__What to work on__.
In the records below, begin at the line containing "Friskies junior cat food best sale" and end at the line containing "Why salmon fishing"; quote every line in that span exactly, including both boundary lines, and no others.

__Data for the task__.
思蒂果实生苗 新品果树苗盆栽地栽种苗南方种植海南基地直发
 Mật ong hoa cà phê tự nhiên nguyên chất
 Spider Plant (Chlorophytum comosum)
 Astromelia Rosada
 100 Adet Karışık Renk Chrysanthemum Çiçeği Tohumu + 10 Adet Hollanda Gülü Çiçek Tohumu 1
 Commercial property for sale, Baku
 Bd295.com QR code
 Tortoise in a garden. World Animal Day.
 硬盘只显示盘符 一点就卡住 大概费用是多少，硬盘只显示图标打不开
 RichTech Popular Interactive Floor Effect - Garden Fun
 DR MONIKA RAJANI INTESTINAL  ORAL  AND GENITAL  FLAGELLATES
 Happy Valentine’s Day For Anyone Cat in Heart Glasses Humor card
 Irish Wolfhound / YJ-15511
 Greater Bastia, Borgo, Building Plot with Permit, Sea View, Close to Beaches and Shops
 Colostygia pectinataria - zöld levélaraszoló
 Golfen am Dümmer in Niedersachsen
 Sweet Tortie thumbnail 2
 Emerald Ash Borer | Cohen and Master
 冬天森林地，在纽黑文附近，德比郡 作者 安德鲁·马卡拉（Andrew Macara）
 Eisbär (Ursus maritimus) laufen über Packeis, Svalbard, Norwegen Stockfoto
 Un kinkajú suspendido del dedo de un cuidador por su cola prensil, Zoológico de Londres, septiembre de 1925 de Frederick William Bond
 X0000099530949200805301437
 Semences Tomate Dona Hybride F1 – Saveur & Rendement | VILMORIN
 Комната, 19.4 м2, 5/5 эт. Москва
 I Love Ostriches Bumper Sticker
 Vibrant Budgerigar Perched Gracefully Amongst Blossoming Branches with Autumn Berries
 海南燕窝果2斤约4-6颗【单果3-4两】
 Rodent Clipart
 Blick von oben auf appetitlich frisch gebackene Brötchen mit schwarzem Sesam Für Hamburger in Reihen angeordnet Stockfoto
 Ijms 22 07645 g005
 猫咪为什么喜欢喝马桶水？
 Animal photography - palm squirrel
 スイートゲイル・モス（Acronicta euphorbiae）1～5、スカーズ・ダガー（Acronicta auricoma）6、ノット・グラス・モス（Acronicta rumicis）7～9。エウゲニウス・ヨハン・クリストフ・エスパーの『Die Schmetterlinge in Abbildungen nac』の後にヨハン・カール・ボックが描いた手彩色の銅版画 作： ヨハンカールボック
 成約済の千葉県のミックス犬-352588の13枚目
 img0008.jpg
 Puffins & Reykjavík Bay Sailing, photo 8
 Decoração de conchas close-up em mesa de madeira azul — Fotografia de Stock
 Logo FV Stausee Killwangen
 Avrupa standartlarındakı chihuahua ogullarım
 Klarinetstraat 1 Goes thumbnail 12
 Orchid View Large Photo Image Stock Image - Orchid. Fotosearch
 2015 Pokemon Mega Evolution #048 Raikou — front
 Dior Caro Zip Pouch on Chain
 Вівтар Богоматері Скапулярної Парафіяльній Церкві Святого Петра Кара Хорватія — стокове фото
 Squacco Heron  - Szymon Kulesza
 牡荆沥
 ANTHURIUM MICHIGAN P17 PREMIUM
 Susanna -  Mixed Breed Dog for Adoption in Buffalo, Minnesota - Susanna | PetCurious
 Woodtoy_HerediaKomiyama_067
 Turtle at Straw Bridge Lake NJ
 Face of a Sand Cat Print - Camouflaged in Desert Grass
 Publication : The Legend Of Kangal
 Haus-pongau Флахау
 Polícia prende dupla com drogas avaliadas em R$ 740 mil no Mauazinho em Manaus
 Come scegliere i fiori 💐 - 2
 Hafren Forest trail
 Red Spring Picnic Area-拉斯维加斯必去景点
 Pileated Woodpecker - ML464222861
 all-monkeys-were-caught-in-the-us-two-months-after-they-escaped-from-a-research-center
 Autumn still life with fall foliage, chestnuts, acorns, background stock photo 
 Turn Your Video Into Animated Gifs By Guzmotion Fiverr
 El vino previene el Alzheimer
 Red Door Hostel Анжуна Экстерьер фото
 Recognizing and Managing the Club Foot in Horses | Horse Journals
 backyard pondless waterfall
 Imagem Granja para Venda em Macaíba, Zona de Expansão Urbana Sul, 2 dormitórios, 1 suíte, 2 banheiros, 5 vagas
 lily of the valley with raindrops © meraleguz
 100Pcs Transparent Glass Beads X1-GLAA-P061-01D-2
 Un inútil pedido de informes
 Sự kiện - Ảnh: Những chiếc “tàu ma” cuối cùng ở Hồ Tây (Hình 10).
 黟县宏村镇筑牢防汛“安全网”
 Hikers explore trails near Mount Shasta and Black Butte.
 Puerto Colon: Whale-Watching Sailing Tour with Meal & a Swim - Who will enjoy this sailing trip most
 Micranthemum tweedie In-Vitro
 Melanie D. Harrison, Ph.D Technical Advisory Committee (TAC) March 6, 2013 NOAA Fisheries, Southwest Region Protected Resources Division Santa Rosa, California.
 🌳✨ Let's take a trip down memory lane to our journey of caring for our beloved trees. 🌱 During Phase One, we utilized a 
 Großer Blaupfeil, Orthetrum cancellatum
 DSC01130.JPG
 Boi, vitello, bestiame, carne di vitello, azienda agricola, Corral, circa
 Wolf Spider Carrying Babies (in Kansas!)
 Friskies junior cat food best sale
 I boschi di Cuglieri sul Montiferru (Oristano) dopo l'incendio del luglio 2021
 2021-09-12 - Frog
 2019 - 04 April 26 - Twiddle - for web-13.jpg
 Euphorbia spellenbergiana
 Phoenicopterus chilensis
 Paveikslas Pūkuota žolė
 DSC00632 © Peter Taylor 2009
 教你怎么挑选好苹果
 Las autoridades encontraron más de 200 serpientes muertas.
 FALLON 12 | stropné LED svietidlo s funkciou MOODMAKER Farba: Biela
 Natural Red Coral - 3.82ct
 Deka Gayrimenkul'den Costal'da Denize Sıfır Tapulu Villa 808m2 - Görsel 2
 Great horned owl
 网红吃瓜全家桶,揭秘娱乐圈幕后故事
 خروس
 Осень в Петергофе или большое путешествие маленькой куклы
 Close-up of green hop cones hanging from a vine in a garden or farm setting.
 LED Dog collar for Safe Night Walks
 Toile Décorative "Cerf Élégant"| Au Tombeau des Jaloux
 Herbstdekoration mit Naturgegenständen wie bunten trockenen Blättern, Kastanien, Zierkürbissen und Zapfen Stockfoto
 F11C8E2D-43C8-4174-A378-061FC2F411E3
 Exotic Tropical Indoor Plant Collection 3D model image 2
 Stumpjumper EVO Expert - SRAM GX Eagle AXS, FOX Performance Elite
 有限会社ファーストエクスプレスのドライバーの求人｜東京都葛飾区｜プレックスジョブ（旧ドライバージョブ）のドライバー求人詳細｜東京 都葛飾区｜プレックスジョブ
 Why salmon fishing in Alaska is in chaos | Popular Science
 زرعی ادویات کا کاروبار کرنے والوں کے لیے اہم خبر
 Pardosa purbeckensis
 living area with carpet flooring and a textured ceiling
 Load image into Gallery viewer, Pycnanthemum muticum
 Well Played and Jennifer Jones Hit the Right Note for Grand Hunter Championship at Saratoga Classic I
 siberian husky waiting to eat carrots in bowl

__Written response__.
 Friskies junior cat food best sale
 I boschi di Cuglieri sul Montiferru (Oristano) dopo l'incendio del luglio 2021
 2021-09-12 - Frog
 2019 - 04 April 26 - Twiddle - for web-13.jpg
 Euphorbia spellenbergiana
 Phoenicopterus chilensis
 Paveikslas Pūkuota žolė
 DSC00632 © Peter Taylor 2009
 教你怎么挑选好苹果
 Las autoridades encontraron más de 200 serpientes muertas.
 FALLON 12 | stropné LED svietidlo s funkciou MOODMAKER Farba: Biela
 Natural Red Coral - 3.82ct
 Deka Gayrimenkul'den Costal'da Denize Sıfır Tapulu Villa 808m2 - Görsel 2
 Great horned owl
 网红吃瓜全家桶,揭秘娱乐圈幕后故事
 خروس
 Осень в Петергофе или большое путешествие маленькой куклы
 Close-up of green hop cones hanging from a vine in a garden or farm setting.
 LED Dog collar for Safe Night Walks
 Toile Décorative "Cerf Élégant"| Au Tombeau des Jaloux
 Herbstdekoration mit Naturgegenständen wie bunten trockenen Blättern, Kastanien, Zierkürbissen und Zapfen Stockfoto
 F11C8E2D-43C8-4174-A378-061FC2F411E3
 Exotic Tropical Indoor Plant Collection 3D model image 2
 Stumpjumper EVO Expert - SRAM GX Eagle AXS, FOX Performance Elite
 有限会社ファーストエクスプレスのドライバーの求人｜東京都葛飾区｜プレックスジョブ（旧ドライバージョブ）のドライバー求人詳細｜東京 都葛飾区｜プレックスジョブ
 Why salmon fishing in Alaska is in chaos | Popular Science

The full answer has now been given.